IOWA CITY, Iowa — The package arrives each week to Peyton Mansell’s dormitory on the University of Iowa campus. It’s from his mother, Kim, who is helping her freshman son embrace his role on the Hawkeyes’ scout team.
Some parents send their college-aged children cookies, Kim sends stickers.
Peyton Mansell, a 6-foot-3, 210-pound quarterback, felt moved when strength and conditioning coach Chris Doyle preached commitment. This year Mansell is committed to giving Iowa’s first-team defense a daily look at every upcoming opponent.
The authentic look includes visual aids.
Mansell’s mother owns a printer that can produce decals and signs. Each week she makes a handful of decals for Iowa’s upcoming opponent and drops them in the mail. Peyton distributes to as many scout team members as possible and they are quickly affixed to helmets before the Hawkeyes hit the practice field.
This week it is a white, script letter P, representing the Purdue Boilermakers.
“She is happy to do it,” Mansell said. “We started with three or four sets, then a bunch of guys wanted them, so she began mailing 20 sets each week.”
From Nov. 12-17, Mansell impersonates Purdue quarterback Elijah Sindelar in practice and he relishes his role.
“I have heard stories about how a bunch of great players have gone through and played on the scout team,” Mansell said. “I love it right now; I get to play against a Big Ten defense every week — one of the best defenses in the nation — and then I am getting to grow as a football player. I get to see how the speed of the game is and I’m getting to learn a lot about the defenses.”
Mansell joined the Hawkeyes from the football-crazed state of Texas. He was a two-year starter for Belton High School, where he threw for 4,234 yards and 53 touchdowns and rushed for 1,848 yards. His high school coach was Bob Shipley, father of Jordan and Jaxon, who played for the Longhorns while former Iowa offensive coordinator Greg Davis was on the staff in Austin.
Davis watched film on Mansell, then watched practice, then became hooked. Iowa offered a scholarship and Mansell committed the summer prior to his senior season.
Before Mansell enrolled at Iowa, Davis retired and Brian Ferentz assumed duties as offensive coordinator. A connoisseur of everything football, Mansell made his way to Iowa City during spring drills, stayed with Jacob Coons, another Hawkeye signee at his home in Solon, and absorbed as much Hawkeye practice as time allowed.
“When coach Brian Ferentz took over, I wanted to come up and see what the offense was going to be like and start learning a few things,” Mansell said.
He has proven to be a quick learner. Iowa head coach Kirk Ferentz says Mansell has grown in every phase of the program and has exerted leadership by jumping in with both feet and embracing his scout team role.

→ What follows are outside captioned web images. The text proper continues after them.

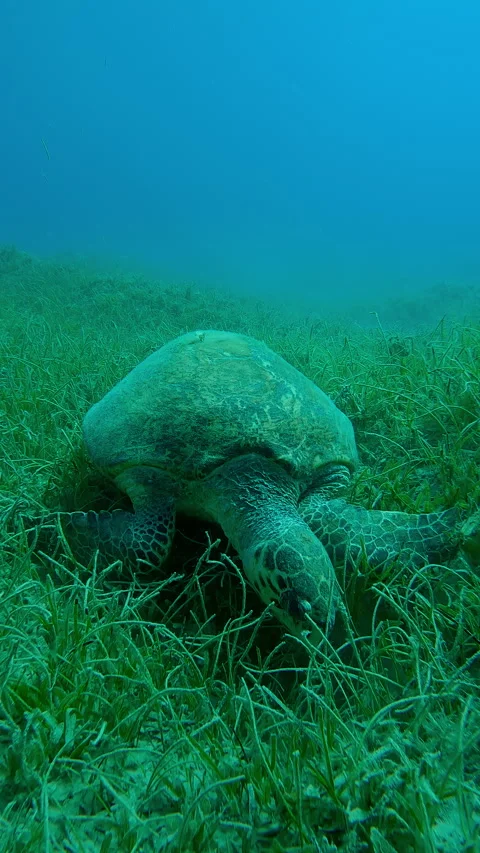Camera approaches from front to very old male Sea Turtle with twisted shell Stock-Footage 344986275
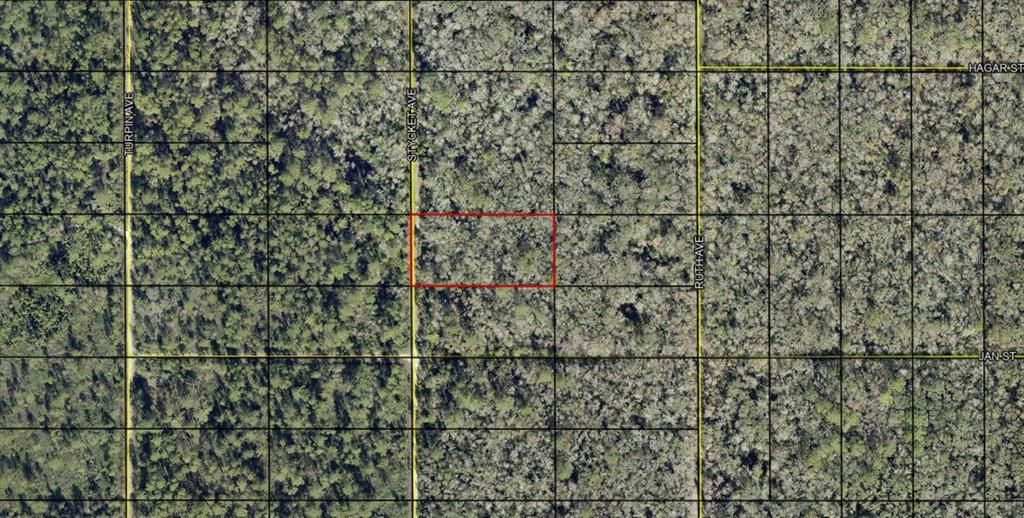 待售: $8,000 (1.25 acres)
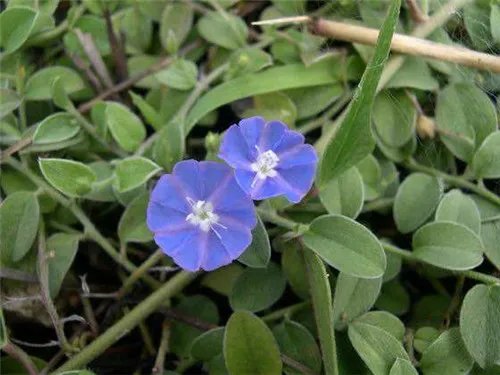 土丁桂是什么 土丁桂如何食用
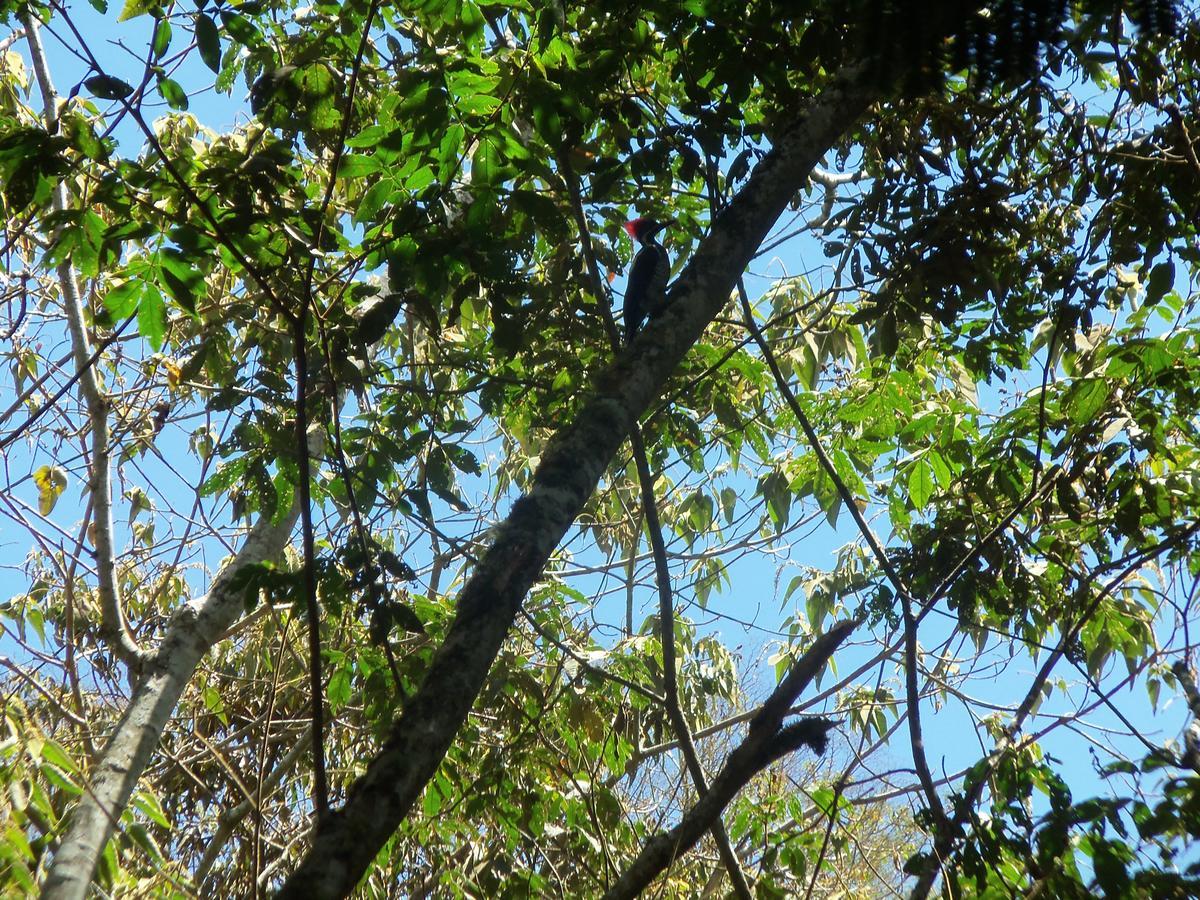 הוילה אוקסאפמפה Refugio De Orquideas מראה חיצוני תמונה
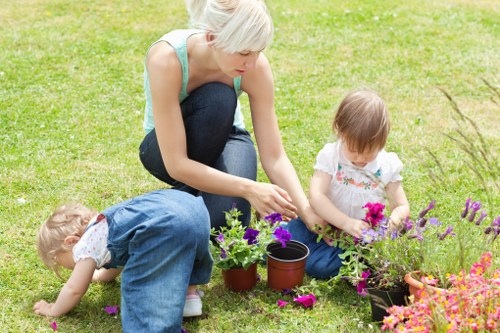 Neat grass cutting service for Lewisham lawns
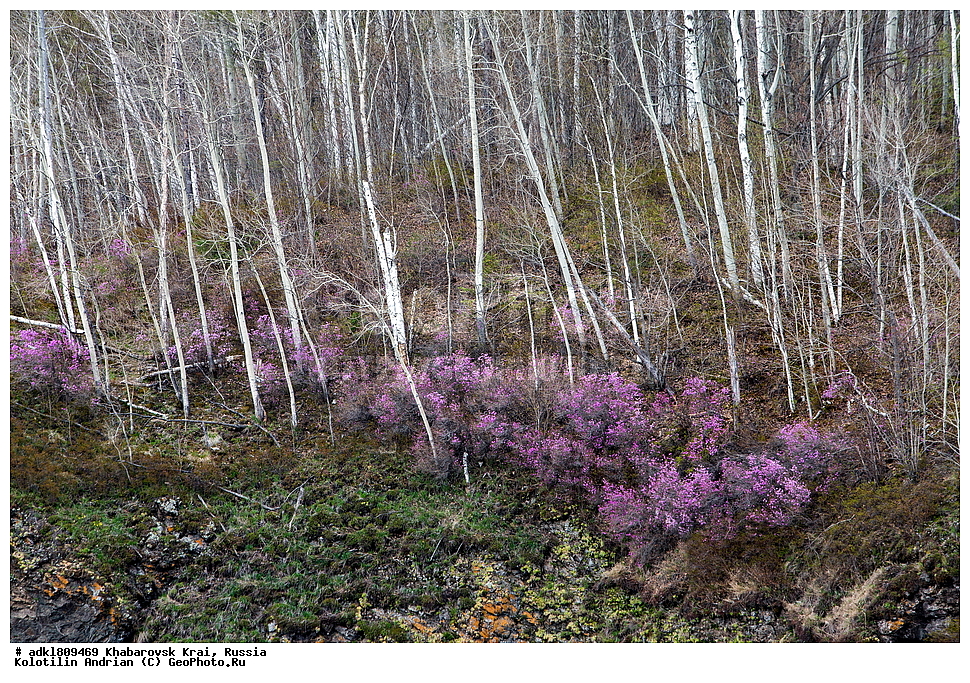 ��������, �����, �����, ������������� ����������, ������������� ��������������� ��������� ����������, ����������� ����, ������, ������� ������ ������, ������ ��������, �����, ��������, ���������� ��������, ������������ ��������, ������������ ��������, ������, �����, XYZ, ����������, Ericaceae, ���������, ����������� ��������, �������� ���������, ���������, Rhododendron dauricum, ���������, ����������, ������������ ��������, ������������ ��������, ������������, ������������ �����������, �����������, ������������, ���������, �����, ����������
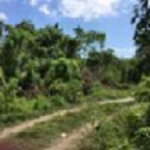 First image of . Mango Valley, St. Mary in Boscobel, St. Mary, Jamaica - property is For Sale
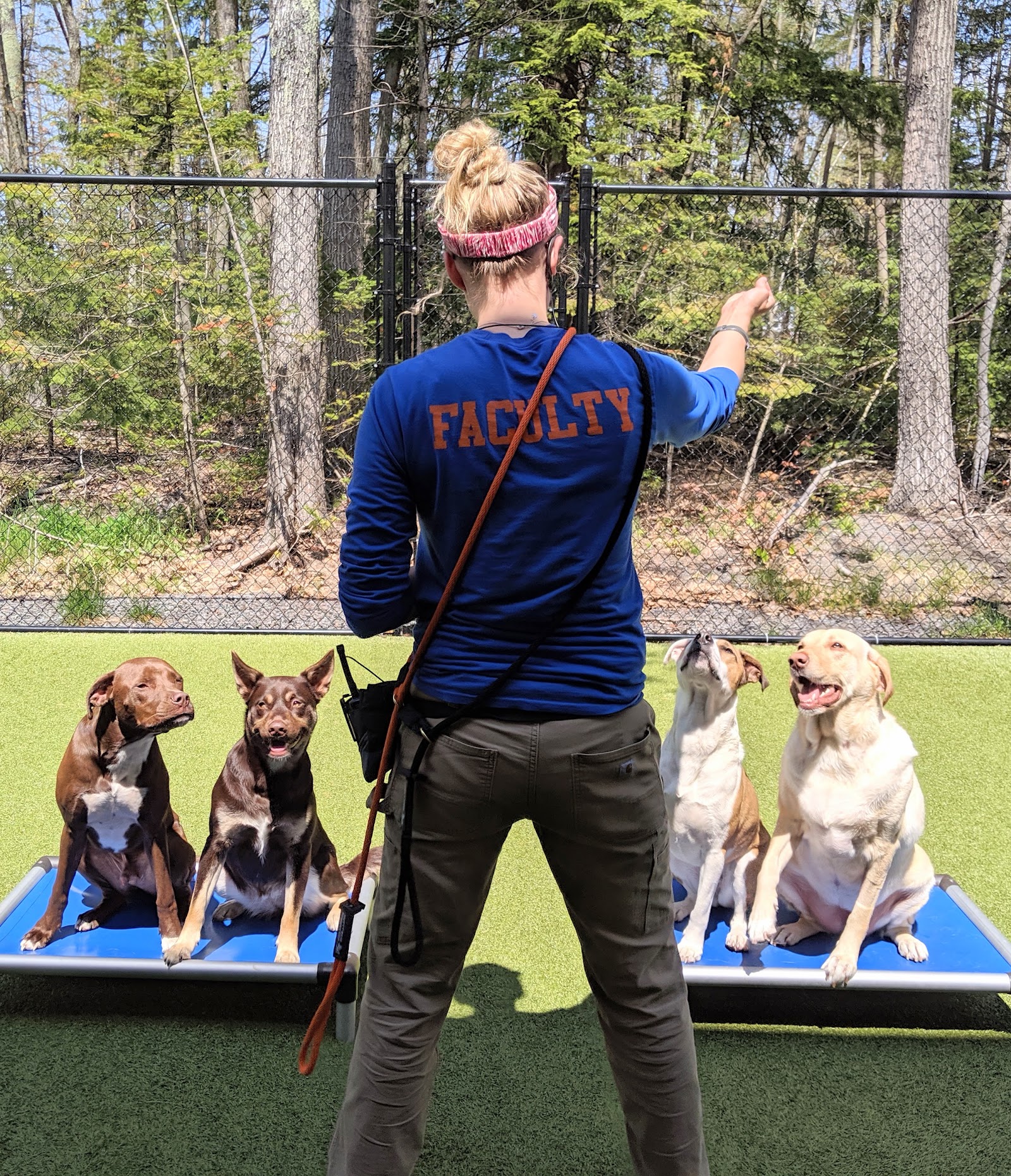 Mutty Paws Academy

“He throws the ball well and moves his feet pretty well, too,” Ferentz said. “The biggest thing is the improvement we have seen. He was raw, but it was a total transformation in terms of the kind of (offensive) system and style of play (from high school to college), so that was a little different for him.
“He has made good transition and we will be eager to watch him in December to see how he progresses in that month.”
December, February, April, September…regardless of month, there is a 100 percent chance that Mansell is thinking football. He calls it a culture difference between student-athletes in Texas and those in northern schools, where being a multi-sport athlete is more typical.
“I played football and ran track (in high school),” Mansell said. “Running track was to get faster for football. Everything I do is for football; it is in my head, I am always thinking about it and watching it.”
And he is currently content with his position on the depth chart, where sophomore Nate Stanley is the starter. In 10 games, Stanley has thrown for 1,970 yards and 22 touchdowns.
“(The scout team) is not where you would think I would want to be, but Nate is doing a great job and this is where the team needs me,” Mansell said.
While Stanley will do his best to lead the Hawkeyes to a Senior Day victory inside Kinnick Stadium on Saturday, Mansell will be studying formations, plays, and defensive alignments.
And getting ready to receive the next package in the mail from his mother. On Sunday, Mansell transforms into Nebraska’s Tanner Lee…complete with a red N on his helmet.